What happens when artistic and scientific reflections such as these are seen as complementary rather than conflicting? That’s the goal of Art AND Science program, now in its fourth year at UW-Eau Claire. Each fall, UWEC faculty members in the sciences and arts work together to produce cross-disciplinary events. This year’s theme is color.
“Unlike a traditional art exhibition, ‘Color’ brings together the work of UW-Eau Claire faculty and community members to prompt the viewer to reflect on how a wide range of scientists and artists think about and use color in their work,” said Matthew Jewell, an associate professor of materials science and engineering at UWEC.
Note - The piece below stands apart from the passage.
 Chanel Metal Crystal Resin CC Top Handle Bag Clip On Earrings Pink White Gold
The Art AND Science effort began in 2014 when Jewell and Paul Thomas, a professor of physics and astronomy, organized a screening of Particle Fever, a documentary about the discovery of the elusive Higgs boson. Following that success, the collaboration moved on to a musical exploration of astronomy in 2015 and an evening of theatrical pieces about the history of science last year.
This year, the cross-disciplinary collaboration turned its eyes toward the visible spectrum. The “Color” exhibit will run Oct. 20-Nov. 15 at the Foster Gallery in UWEC’s Haas Fine Arts Center. Even more ambitiously, the exhibit will be accompanied by a series of events designed to engage audiences on the topic from various angles. The opening reception of the exhibit – which will be at 7pm Oct. 20 – will include a live printing demonstration by Ambient Inks, short readings about color by creative writing students, and opportunities to mingle with the artists and scientists who created the exhibit. A week later, on Oct. 27, a dramatic reading will be held at the gallery of “The Colour Out of Space,” a short story by horror master H.P. Lovecraft. Other events follow on Nov. 3, 10, and 15 (see Volume One’s event listings for full details).
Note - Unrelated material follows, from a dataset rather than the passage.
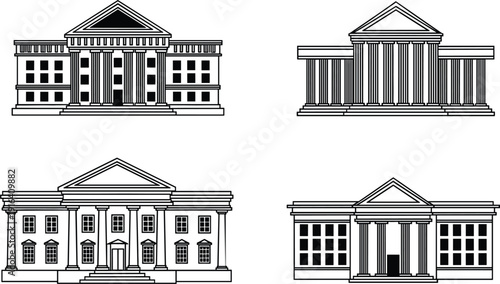 Classic courthouse and government building icons set with columns facade architecture vector illustration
All the events are meant to compliment the dual nature of the exhibit. On the artistic side, the exhibit will include a number of “Calendar Paintings” by Tiit Raid, in which the UWEC professor emeritus explored his own changing perceptions of color on a day-by-day basis; works by Daniel Atyim of UW-Stout, whose canvases covered in 3D dots of color call to mind surrealism, pointillism, and pop art; and a collection of elaborate ceramics by Susan O’Brien, a UWEC professor, which will be accompanied by samples showing how glazes differ before and after the firing process.
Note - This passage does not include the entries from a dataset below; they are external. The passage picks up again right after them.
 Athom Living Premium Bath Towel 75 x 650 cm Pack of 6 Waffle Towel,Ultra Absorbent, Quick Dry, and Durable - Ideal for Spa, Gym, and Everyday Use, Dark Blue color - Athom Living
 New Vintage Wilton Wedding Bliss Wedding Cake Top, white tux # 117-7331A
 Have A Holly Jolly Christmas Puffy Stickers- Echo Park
Portions of the exhibit will stimulate scientific curiosity as well, including an infrared camera that will show a colorful representation of the heat radiating from your own body; a chromaticity plot showing a shifting, real-time representation of hue and saturation in an image; and an app that identifies the colors in front of it – be they on your face, your clothing, or the wall of the gallery – and provides their exact scientific values.
As you explore “Colors,” you may find yourself pondering whether a rose with a different hexadecimal color code would look at sweet.